Summary + Content Embeddings
def create_multi_vector_doc(doc, llm):
# Generate summary
summary = llm.invoke(f"Summarize: {doc.page_content}").content
# Generate questions this doc answers
questions = llm.invoke(
f"What questions does this answer? {doc.page_content}"
).content
return {
"content": doc.page_content,
"content_embedding": embed(doc.page_content),
"summary_embedding": embed(summary),
"questions_embedding": embed(questions),
}
# Search across all embedding types
# Return the original content
Contextual Compression
Reduce noise by extracting only relevant portions:
from langchain.retrievers import ContextualCompressionRetriever
from langchain.retrievers.document_compressors import LLMChainExtractor
compressor = LLMChainExtractor.from_llm(llm)

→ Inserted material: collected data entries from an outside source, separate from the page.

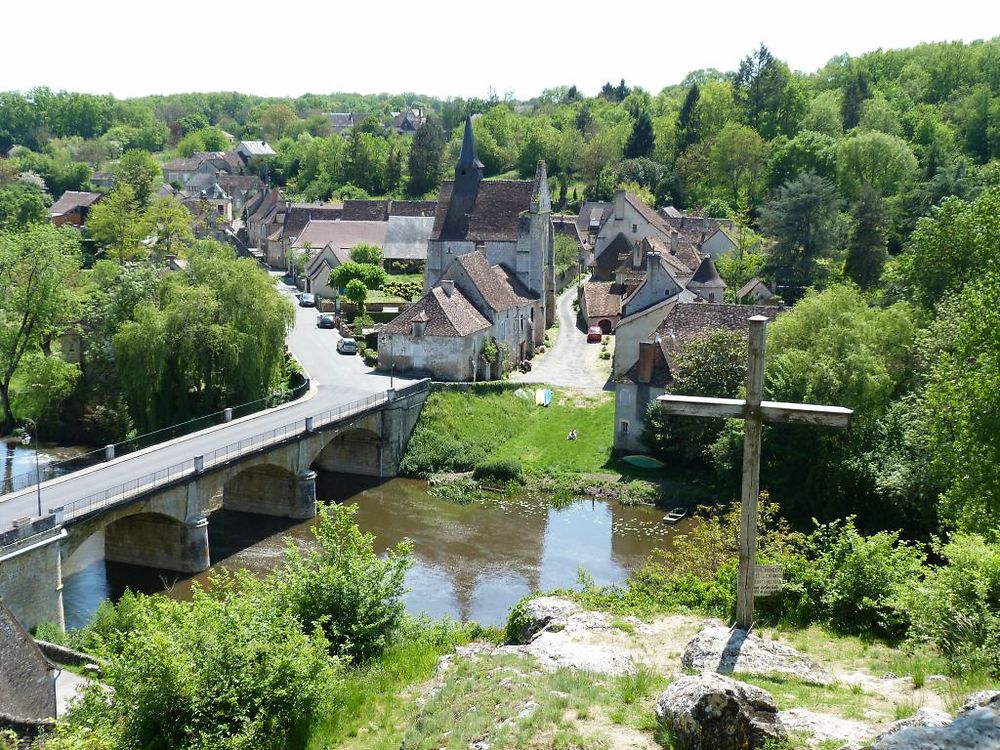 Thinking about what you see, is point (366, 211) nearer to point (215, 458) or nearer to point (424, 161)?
point (424, 161)

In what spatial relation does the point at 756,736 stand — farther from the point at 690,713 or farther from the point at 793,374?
the point at 793,374

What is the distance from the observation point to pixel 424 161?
393 ft

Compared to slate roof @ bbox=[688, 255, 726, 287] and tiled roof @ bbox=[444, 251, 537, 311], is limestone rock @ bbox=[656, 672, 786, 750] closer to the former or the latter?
tiled roof @ bbox=[444, 251, 537, 311]

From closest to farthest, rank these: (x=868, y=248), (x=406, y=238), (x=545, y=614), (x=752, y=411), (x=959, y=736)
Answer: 1. (x=959, y=736)
2. (x=752, y=411)
3. (x=545, y=614)
4. (x=868, y=248)
5. (x=406, y=238)

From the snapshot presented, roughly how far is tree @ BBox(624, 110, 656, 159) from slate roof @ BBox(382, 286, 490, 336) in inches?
2755

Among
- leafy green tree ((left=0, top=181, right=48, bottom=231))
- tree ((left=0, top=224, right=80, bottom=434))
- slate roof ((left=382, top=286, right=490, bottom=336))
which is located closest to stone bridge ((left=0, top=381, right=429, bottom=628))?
slate roof ((left=382, top=286, right=490, bottom=336))

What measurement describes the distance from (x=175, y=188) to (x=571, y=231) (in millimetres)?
65382

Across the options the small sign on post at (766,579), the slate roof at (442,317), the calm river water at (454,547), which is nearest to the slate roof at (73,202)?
the slate roof at (442,317)

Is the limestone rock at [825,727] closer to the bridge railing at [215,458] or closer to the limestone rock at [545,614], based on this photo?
the limestone rock at [545,614]

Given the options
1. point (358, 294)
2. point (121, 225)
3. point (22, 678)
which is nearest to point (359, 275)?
point (358, 294)

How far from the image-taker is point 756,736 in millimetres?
10812

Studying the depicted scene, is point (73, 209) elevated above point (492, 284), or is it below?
above

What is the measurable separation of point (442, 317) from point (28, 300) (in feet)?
70.3

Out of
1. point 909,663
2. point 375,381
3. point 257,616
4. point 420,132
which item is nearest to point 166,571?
point 375,381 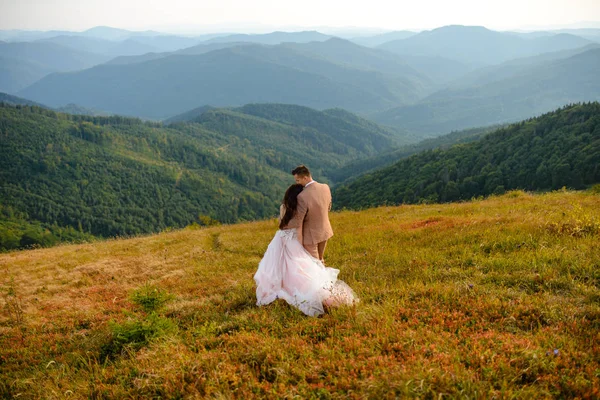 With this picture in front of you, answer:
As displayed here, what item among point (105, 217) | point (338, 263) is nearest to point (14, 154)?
point (105, 217)

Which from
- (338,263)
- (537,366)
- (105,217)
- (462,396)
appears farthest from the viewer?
(105,217)

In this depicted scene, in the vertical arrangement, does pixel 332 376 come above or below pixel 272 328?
above

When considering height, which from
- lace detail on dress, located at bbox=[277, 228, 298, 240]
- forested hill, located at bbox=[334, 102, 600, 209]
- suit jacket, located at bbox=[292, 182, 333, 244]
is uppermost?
suit jacket, located at bbox=[292, 182, 333, 244]

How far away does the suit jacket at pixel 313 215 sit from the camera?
324 inches

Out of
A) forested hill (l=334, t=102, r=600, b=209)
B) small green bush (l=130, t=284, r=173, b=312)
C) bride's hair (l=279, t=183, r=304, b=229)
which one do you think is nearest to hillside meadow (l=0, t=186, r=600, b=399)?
small green bush (l=130, t=284, r=173, b=312)

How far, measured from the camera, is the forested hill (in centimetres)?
6400

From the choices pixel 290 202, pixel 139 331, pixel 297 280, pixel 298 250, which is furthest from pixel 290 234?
pixel 139 331

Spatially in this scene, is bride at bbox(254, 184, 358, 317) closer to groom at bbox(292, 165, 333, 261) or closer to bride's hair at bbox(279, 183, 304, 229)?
bride's hair at bbox(279, 183, 304, 229)

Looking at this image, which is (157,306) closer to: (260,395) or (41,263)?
(260,395)

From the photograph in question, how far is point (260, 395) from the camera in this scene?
448cm

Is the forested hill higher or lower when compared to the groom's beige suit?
lower

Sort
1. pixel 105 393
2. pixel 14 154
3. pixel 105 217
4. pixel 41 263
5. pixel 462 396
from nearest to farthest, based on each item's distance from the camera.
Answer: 1. pixel 462 396
2. pixel 105 393
3. pixel 41 263
4. pixel 105 217
5. pixel 14 154

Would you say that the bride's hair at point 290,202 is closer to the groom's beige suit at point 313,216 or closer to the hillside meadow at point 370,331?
the groom's beige suit at point 313,216

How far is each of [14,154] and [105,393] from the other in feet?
820
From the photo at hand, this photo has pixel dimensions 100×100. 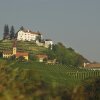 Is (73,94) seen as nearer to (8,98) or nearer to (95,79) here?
(95,79)

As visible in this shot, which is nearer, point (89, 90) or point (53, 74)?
point (89, 90)

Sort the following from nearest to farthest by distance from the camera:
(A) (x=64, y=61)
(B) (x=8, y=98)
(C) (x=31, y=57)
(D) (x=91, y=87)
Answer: (B) (x=8, y=98) < (D) (x=91, y=87) < (C) (x=31, y=57) < (A) (x=64, y=61)

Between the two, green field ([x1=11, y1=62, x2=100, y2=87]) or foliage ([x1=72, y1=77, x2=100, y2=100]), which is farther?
green field ([x1=11, y1=62, x2=100, y2=87])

compression_retriever = ContextualCompressionRetriever(
base_compressor=compressor,
base_retriever=vectorstore.as_retriever(k=10)
)
# Returns only the relevant sentences from each document
docs = compression_retriever.get_relevant_documents(query)
Self-Query Retrieval
Let the LLM write the query filters:
from langchain.retrievers.self_query.base import SelfQueryRetriever
metadata_field_info = [
AttributeInfo(name="category", type="string", description="Document category"),
AttributeInfo(name="date", type="date", description="Publication date"),
AttributeInfo(name="author", type="string", description="Author name"),
]
retriever = SelfQueryRetriever.from_llm(
llm=llm,
vectorstore=vectorstore,
document_content_description="Technical blog posts about ML",
metadata_field_info=metadata_field_info,
)
# User: "Articles about transformers from 2024"
# Auto-generates: filter={"date": {"$gte": "2024-01-01"}}
Evaluation and Iteration
You can't improve what you don't measure.
Key Metrics
def evaluate_rag(test_set, retriever, generator):
results = {
"retrieval_precision": [],
"retrieval_recall": [],
"answer_relevance": [],
"faithfulness": [],
}
for item in test_set:
query = item["query"]
ground_truth_docs = item["relevant_docs"]
ground_truth_answer = item["answer"]
# Retrieval metrics
retrieved = retriever.get_relevant_documents(query)
precision = calculate_precision(retrieved, ground_truth_docs)
recall = calculate_recall(retrieved, ground_truth_docs)
# Generation metrics
answer = generator.generate(query, retrieved)
relevance = judge_relevance(answer, query)
faithfulness = check_faithfulness(answer, retrieved)
results["retrieval_precision"].append(precision)
# ... etc
return {k: sum(v)/len(v) for k, v in results.items()}
Building Test Sets
Create diverse test cases:
test_set = [
{
"query": "What is the attention mechanism?",
"type": "factual",
"difficulty": "easy"
},
{
"query": "Compare BERT and GPT architectures",
"type": "comparison",
"difficulty": "medium"
},
{
"query": "How would you fine-tune for low-resource NER?",
"type": "reasoning",
"difficulty": "hard"
},
]
Putting It All Together
A production RAG pipeline might look like:
class AdvancedRAGPipeline:
def __init__(self, vectorstore, llm, reranker):
self.vectorstore = vectorstore
self.llm = llm
self.reranker = reranker
def query(self, user_query: str) -> str:
# 1. Query expansion
queries = self.expand_query(user_query)
# 2. Hybrid retrieval
all_docs = []
for q in queries:
vector_docs = self.vectorstore.similarity_search(q, k=10)
bm25_docs = self.bm25_search(q, k=10)
all_docs.extend(vector_docs + bm25_docs)
# 3. Deduplicate
unique_docs = self.deduplicate(all_docs)
# 4. Rerank
top_docs = self.reranker.rerank(user_query, unique_docs, k=5)
# 5. Compress context
compressed = self.compress_context(user_query, top_docs)
# 6. Generate
response = self.generate(user_query, compressed)
return response
Conclusion
Advanced RAG is about combining multiple techniques thoughtfully. Start with the basics, measure your results, identify failure modes, and add complexity only where it helps.
The best RAG system isn't the most sophisticated one it's the one that reliably answers your users' questions with accurate, grounded responses.